**** Source material ****

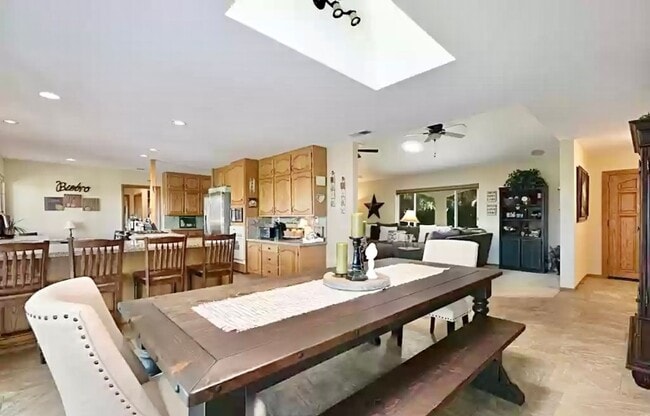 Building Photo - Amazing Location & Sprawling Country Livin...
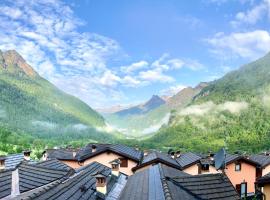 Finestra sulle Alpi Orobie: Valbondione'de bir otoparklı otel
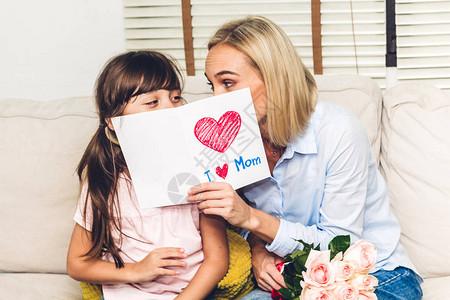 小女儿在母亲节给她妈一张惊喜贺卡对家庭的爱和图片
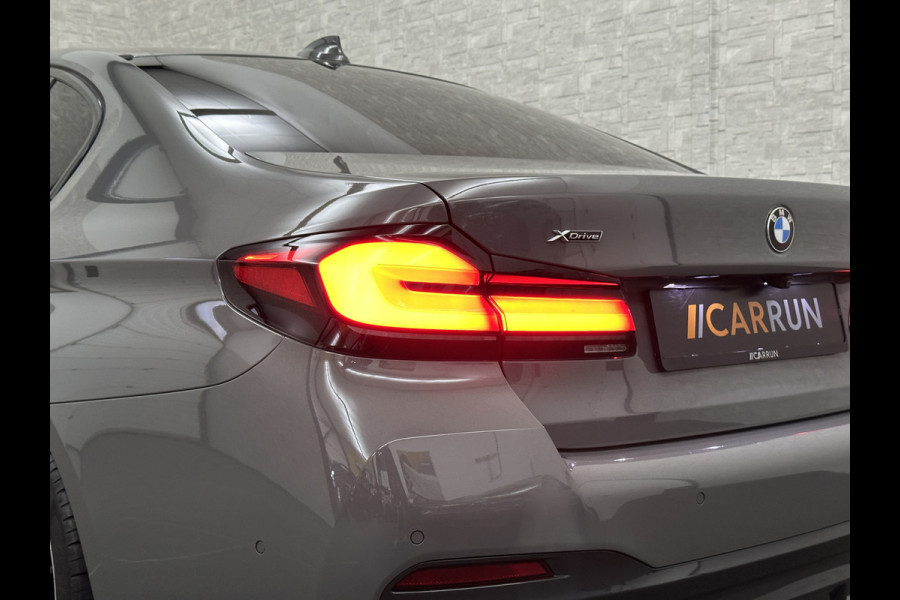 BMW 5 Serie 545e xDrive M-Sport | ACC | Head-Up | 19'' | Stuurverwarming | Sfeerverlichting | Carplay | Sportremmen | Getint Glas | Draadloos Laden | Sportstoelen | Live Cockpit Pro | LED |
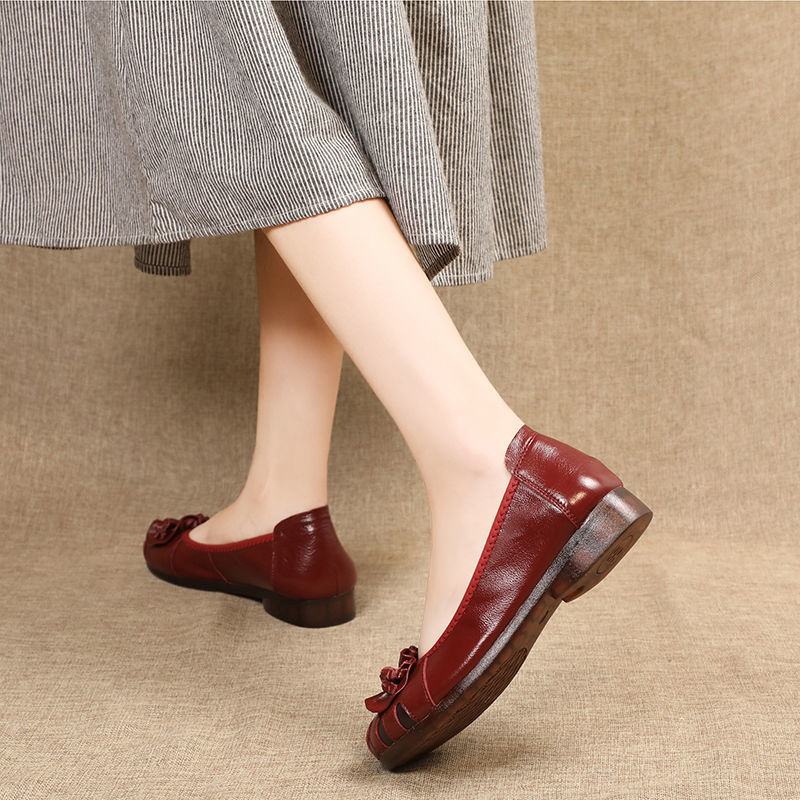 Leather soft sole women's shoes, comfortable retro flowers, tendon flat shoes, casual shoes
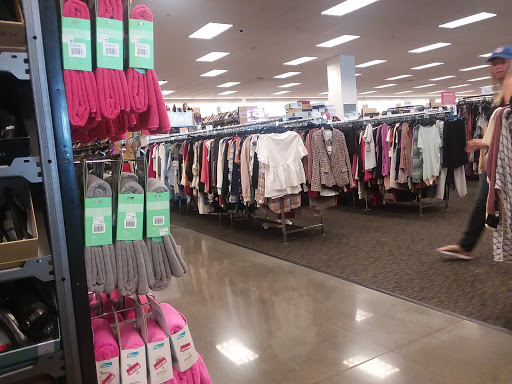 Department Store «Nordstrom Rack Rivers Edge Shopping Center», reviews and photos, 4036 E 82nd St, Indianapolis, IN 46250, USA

****
**** Source material ****

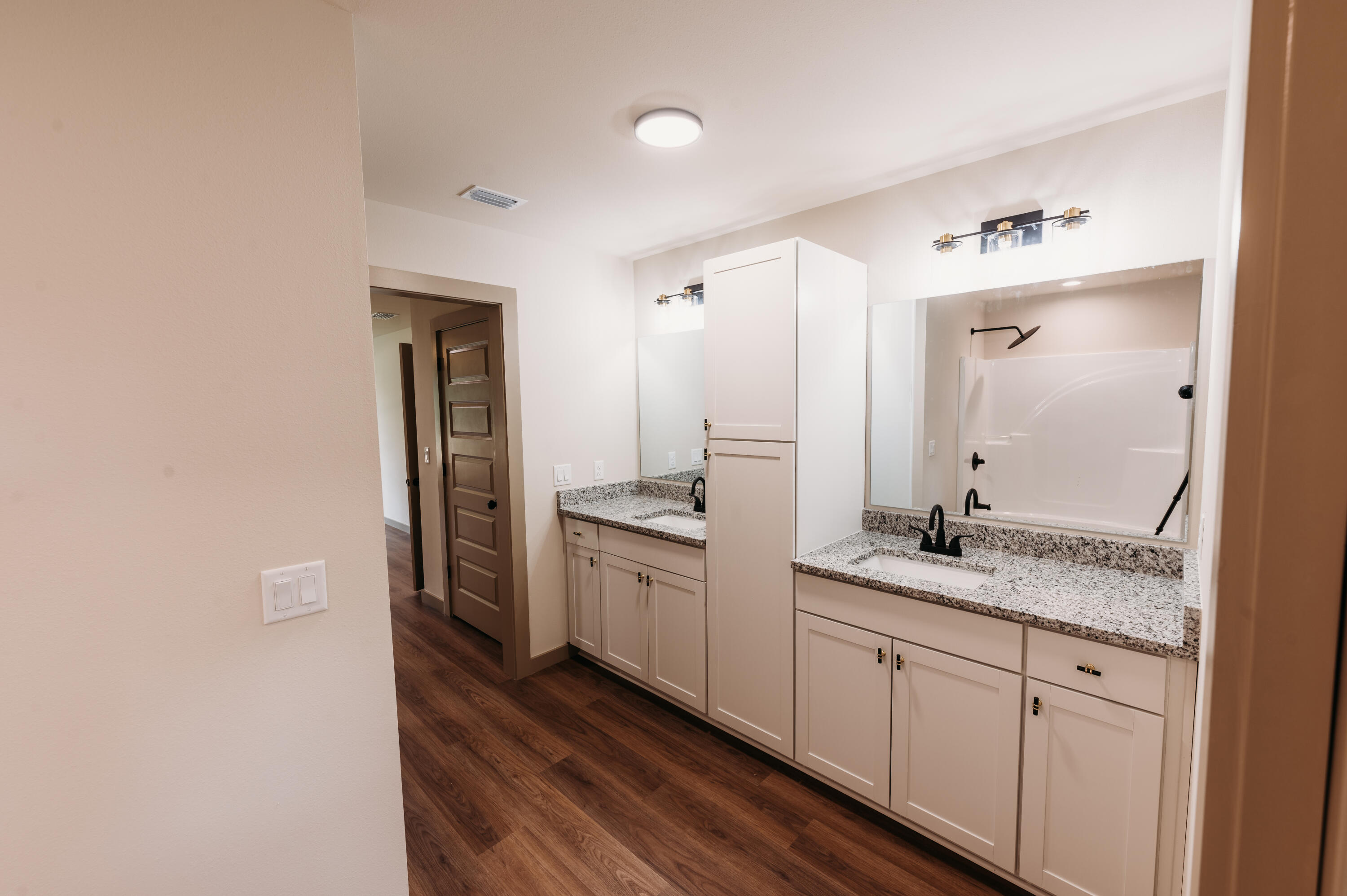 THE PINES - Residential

****

▶ _Your instructions_
Each line above from the one containing "Leather soft sole" through the one containing "IN 46250, USA" is to be returned verbatim. Nothing else, and no pictures.

▶ _Solution to this problem_
 Leather soft sole women's shoes, comfortable retro flowers, tendon flat shoes, casual shoes
 Department Store «Nordstrom Rack Rivers Edge Shopping Center», reviews and photos, 4036 E 82nd St, Indianapolis, IN 46250, USA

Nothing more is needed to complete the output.